I ride my bike to work at least twice a week, and I get to see stuff dropped in the road, and stuff dropped on a bike (multi-use, really) path. The stuff dropped on the road is usually smashed up, unless it is indestructible. The stuff dropped on the bike path is usually picked up and pinned to a tree branch where it will be seen, or set down carefully at the edge of the path, or placed on top of a bench or a barrier. On the road, there’s always road kill. Dead squirrels, dead chipmunks, dead bunnies, dead beavers. Saw some a dead weasel, or maybe a fisher, once. On the bike path, I’ve seen one dead chipmunk in years of use. People not in cars are a lot more careful, polite, and helpful. I’m not talking about attitude — it’s easy to say that you’re polite — I’m talking about actions and results. People driving cars smash things up that are in the road, instead of setting them aside to that they can be reclaimed later. That’s not very nice.

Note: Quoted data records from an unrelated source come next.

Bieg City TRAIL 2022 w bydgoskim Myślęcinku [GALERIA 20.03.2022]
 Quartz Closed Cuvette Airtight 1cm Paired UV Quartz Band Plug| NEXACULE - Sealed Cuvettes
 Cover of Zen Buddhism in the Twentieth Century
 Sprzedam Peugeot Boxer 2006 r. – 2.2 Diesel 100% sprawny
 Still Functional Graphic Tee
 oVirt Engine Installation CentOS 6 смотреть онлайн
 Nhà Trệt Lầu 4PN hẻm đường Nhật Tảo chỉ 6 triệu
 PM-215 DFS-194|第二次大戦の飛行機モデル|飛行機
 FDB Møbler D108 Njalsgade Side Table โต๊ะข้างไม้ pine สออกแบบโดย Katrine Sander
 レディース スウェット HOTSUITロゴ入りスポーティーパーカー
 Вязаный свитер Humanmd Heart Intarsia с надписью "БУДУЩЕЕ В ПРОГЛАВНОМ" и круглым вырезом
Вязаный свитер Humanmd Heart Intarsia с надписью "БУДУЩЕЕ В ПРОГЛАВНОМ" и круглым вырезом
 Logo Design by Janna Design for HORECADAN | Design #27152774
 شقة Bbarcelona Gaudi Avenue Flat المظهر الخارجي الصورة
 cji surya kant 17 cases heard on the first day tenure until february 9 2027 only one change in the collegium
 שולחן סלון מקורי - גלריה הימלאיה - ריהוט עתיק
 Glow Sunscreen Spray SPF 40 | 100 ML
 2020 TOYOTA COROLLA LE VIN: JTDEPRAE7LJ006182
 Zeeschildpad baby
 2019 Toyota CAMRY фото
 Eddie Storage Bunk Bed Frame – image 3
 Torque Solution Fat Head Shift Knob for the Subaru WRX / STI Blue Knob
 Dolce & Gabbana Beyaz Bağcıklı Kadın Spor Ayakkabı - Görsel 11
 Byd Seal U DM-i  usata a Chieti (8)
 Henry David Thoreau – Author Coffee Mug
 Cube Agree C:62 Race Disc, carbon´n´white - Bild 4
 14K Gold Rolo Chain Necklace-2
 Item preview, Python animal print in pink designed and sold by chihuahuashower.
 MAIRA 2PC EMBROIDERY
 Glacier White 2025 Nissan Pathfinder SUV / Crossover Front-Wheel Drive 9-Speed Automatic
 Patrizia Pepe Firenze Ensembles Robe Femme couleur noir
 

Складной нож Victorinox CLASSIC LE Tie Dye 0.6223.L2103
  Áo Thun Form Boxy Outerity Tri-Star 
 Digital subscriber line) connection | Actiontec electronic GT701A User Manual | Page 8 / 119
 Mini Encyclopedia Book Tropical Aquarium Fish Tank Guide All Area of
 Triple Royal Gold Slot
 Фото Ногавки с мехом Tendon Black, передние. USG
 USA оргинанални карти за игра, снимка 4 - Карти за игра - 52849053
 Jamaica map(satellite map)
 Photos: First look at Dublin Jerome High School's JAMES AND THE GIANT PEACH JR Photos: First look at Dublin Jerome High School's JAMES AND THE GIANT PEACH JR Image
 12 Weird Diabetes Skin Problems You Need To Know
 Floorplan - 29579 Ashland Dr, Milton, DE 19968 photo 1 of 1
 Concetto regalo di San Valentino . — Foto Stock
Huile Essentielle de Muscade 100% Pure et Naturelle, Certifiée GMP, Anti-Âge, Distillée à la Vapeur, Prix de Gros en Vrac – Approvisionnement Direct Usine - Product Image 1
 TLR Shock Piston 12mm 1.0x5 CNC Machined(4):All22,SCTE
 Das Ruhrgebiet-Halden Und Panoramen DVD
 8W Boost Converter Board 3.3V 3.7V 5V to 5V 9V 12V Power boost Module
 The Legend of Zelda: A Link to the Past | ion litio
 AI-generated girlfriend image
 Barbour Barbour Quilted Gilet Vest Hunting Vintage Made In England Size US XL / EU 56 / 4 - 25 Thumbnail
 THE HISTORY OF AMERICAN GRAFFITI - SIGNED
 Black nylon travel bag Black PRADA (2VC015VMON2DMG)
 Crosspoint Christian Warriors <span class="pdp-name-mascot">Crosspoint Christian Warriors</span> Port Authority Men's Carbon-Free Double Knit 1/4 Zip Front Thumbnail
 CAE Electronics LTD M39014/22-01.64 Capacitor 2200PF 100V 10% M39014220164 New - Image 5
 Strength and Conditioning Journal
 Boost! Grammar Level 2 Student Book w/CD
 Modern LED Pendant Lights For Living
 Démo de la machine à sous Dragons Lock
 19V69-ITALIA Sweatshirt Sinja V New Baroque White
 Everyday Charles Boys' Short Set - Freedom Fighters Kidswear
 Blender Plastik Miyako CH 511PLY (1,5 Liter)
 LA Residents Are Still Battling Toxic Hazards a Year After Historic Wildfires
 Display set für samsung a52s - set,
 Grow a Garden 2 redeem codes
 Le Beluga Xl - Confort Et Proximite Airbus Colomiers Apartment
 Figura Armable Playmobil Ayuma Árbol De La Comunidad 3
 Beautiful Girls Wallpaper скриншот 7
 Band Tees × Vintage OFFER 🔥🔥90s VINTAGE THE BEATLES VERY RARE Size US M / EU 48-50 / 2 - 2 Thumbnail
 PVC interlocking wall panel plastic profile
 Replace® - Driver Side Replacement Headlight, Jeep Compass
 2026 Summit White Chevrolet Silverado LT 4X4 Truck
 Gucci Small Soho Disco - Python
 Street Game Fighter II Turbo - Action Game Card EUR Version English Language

And of course, it’s much easier for people walking, jogging, skating, or biking to spot things and dodge them or pick them up, but that’s a choice, isn’t it?

What set off this rant, today, was finding a dental mouthguard that someone had dropped in the road, that someone in a car had subsequently run over and cracked. Mouthguards cost hundreds of dollars, and this one was trashed, because someone in a car was careless. And on a bike, it was easy to see, easy to stop, and easy to pick up. So I did.


2 Responses to “Clumsy, destructive, careless, drivers”

  1. Jack Wickwire Says:

    Yes it is harder for someone riding a car to avoid running over small objects that are in the road. But, no, the car rider wasn’t careless, the person didn’t see the object and your antipathy towards people who drive, “…but that’s a choice, isn’t it?” doesn’t justify your negative characterization.

    All cars can’t be replaced by bicycles. Some can, but not all. Car riders and their passengers may even drop more things than bike drivers or not; there are so many more that a much lower percentage of car riders could litter and still leave the vast majority of trash, etc., on the multi-use roadways. The negligence of even a few has made a mess of curbs and shoulders everywhere.

    But you don’t have any idea who, why or how that mouth guard got on the road. You don’t know but you wrote a morality play that lays the blame in comfortable well-worn ruts. I would have preferred to read a more nuanced piece but you obviously didn’t write it for me.

    • dr2chase Says:

      I wrote it to make people think, and it appears to have made you think enough to be uncomfortable enough to reply, so I’ll take that as a small win.

      You did miss the point somewhat — this is not about littering, and it is instead about how driving a car gives people license to do things that would be considered destructive and rude in any other circumstance. That you don’t see this as rude is entirely my point — if the effect is obnoxious (killing animals and leaving them on public ways; smashing dropped valuables instead of picking them up to put them somewhere safe) why isn’t the behavior that causes that effect also seen as obnoxious? What causes you to decide that the behavior that produces obnoxious outcomes is not itself also obnoxious?